======== Data extracts

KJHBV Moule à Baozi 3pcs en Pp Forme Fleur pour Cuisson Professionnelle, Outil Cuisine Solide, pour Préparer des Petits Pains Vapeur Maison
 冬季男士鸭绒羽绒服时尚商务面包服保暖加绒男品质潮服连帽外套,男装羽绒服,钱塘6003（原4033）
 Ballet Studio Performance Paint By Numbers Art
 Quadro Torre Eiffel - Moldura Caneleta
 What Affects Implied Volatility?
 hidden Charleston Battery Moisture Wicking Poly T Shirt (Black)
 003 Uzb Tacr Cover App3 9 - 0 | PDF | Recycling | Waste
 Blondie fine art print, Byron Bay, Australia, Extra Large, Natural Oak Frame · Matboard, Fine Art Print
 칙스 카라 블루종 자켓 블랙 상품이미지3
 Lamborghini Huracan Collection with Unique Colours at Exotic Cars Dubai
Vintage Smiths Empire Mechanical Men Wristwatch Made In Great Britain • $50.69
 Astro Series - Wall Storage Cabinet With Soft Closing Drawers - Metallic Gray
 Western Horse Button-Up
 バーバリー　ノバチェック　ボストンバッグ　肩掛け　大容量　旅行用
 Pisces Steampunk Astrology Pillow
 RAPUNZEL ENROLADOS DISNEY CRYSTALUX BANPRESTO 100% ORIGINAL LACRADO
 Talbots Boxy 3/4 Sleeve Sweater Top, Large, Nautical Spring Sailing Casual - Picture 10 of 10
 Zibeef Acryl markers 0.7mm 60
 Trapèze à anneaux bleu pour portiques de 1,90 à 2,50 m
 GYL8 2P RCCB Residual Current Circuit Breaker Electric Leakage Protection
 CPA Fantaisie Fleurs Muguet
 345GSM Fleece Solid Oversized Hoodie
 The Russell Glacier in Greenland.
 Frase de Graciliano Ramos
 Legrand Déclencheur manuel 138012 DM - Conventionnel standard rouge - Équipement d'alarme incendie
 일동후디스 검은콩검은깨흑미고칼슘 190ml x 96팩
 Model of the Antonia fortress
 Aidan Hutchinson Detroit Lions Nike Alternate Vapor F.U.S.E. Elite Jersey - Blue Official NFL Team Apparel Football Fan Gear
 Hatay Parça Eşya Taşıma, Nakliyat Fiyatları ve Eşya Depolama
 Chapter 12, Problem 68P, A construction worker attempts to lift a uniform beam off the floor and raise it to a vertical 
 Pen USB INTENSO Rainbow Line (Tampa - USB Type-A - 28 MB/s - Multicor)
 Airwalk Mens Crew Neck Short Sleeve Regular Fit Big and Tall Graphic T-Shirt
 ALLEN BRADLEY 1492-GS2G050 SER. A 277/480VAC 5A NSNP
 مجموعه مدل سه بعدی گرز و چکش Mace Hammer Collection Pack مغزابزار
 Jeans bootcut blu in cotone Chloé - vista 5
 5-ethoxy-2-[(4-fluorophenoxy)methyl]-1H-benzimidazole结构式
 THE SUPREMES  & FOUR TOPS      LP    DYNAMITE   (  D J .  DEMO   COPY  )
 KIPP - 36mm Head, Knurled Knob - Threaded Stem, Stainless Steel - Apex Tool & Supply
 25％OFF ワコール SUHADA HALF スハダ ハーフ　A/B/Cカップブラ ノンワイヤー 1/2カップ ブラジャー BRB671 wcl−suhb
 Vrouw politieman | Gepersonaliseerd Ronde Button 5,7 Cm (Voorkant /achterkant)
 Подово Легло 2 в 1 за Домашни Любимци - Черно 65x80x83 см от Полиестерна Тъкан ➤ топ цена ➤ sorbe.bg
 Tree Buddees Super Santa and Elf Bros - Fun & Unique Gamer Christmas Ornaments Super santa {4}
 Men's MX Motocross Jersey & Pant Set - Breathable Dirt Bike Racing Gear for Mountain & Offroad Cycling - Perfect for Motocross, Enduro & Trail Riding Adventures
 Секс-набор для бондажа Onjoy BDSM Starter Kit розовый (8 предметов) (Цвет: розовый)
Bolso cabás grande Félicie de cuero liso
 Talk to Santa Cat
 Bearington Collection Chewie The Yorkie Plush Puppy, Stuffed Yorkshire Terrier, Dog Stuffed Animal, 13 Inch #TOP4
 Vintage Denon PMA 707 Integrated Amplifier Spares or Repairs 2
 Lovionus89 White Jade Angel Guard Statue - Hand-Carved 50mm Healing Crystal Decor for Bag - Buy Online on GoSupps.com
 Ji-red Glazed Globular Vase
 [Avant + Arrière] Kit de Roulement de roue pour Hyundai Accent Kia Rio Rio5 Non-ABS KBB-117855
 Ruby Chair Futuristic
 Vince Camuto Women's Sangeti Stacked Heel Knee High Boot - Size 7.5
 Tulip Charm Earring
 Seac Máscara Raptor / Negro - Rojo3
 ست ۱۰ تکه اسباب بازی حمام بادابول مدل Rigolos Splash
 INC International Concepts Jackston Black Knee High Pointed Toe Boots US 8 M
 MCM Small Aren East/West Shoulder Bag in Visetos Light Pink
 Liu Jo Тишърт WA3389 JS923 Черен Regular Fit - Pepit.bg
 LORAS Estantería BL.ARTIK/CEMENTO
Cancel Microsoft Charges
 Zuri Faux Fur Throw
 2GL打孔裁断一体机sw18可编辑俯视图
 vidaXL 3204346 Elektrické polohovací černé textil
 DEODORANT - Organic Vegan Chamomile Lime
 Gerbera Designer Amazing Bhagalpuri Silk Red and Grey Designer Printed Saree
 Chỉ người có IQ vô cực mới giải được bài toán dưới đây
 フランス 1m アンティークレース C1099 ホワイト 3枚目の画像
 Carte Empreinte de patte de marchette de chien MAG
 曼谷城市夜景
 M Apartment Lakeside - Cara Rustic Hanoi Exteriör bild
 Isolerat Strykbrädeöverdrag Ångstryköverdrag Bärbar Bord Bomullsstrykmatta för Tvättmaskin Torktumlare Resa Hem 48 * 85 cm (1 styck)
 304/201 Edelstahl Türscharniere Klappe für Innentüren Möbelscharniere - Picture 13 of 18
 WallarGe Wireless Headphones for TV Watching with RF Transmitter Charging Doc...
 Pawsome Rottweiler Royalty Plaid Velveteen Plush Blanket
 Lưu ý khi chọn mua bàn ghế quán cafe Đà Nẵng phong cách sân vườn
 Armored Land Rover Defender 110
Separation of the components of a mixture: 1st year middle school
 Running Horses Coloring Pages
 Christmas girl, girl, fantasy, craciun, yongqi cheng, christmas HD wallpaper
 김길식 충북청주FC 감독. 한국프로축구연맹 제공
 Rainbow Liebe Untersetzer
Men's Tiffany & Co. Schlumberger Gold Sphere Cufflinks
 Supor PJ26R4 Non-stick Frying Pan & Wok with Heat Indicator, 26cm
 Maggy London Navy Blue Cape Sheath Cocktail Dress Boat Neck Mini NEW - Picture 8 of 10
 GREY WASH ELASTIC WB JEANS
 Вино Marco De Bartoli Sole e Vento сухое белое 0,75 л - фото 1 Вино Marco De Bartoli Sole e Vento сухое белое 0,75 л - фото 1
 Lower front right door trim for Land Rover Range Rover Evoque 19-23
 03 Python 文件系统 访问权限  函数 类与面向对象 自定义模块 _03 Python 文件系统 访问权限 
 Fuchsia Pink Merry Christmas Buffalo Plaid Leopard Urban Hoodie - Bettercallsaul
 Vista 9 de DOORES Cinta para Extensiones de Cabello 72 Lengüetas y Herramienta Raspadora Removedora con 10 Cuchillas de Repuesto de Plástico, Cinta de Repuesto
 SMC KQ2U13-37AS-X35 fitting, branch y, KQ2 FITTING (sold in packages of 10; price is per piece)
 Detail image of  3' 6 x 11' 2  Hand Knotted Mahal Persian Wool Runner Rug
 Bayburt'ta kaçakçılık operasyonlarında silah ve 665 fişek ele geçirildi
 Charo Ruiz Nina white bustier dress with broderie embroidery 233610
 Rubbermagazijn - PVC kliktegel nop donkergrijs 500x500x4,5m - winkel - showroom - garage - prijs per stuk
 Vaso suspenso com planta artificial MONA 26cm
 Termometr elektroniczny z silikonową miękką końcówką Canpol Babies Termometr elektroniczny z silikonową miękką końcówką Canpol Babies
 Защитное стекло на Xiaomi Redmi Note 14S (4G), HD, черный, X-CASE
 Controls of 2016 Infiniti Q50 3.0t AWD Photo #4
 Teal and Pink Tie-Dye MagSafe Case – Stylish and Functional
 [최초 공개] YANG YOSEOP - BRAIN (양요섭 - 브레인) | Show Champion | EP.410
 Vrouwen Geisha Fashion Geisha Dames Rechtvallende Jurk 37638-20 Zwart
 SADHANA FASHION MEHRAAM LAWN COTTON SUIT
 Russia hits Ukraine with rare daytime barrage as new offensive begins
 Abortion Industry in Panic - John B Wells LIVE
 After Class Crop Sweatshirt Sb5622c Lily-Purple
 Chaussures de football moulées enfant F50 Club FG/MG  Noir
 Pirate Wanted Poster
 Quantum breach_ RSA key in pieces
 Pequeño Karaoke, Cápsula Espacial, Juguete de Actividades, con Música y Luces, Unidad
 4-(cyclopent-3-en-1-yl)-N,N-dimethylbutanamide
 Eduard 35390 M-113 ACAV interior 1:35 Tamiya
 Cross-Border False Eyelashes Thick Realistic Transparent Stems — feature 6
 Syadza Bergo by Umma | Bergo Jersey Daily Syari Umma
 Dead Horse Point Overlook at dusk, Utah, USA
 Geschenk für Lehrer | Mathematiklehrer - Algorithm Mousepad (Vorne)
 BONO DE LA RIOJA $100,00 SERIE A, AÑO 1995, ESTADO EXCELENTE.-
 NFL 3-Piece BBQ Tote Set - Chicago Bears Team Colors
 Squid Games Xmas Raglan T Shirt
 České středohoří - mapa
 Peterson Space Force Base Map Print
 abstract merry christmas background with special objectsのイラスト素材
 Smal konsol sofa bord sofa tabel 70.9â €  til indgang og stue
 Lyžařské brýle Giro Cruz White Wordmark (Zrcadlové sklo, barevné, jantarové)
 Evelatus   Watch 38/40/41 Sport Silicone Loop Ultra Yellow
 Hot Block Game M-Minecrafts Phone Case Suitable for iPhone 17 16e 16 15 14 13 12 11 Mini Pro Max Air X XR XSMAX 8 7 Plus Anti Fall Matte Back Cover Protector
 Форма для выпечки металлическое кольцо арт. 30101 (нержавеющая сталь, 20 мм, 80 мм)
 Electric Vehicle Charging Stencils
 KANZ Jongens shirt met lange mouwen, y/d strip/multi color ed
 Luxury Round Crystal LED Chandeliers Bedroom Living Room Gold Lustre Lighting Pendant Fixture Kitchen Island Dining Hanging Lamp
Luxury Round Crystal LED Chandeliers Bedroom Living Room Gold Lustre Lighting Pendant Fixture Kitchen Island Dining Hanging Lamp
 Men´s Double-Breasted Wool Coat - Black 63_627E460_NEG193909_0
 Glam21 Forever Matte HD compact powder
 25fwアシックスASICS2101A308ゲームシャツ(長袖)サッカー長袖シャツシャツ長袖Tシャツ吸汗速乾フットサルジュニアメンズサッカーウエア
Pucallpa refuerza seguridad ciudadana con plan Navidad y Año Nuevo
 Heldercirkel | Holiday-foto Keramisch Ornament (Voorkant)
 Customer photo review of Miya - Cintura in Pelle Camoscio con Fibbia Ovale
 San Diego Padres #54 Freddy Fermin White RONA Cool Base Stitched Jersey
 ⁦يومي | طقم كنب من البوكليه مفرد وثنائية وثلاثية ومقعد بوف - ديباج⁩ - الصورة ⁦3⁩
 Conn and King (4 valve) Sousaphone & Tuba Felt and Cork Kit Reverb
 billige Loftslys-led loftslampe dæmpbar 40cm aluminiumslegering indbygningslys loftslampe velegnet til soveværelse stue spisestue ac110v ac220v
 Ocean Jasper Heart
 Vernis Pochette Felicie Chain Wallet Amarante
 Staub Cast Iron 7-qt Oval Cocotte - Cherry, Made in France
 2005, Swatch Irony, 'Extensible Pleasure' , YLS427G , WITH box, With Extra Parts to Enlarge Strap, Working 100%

================

▶ _Work instruction_
The answer must hold only the lines from the first line of the data through the line bearing "What Affects Implied Volatility?", returned exactly.

▶ _Task solution_
KJHBV Moule à Baozi 3pcs en Pp Forme Fleur pour Cuisson Professionnelle, Outil Cuisine Solide, pour Préparer des Petits Pains Vapeur Maison
 冬季男士鸭绒羽绒服时尚商务面包服保暖加绒男品质潮服连帽外套,男装羽绒服,钱塘6003（原4033）
 Ballet Studio Performance Paint By Numbers Art
 Quadro Torre Eiffel - Moldura Caneleta
 What Affects Implied Volatility?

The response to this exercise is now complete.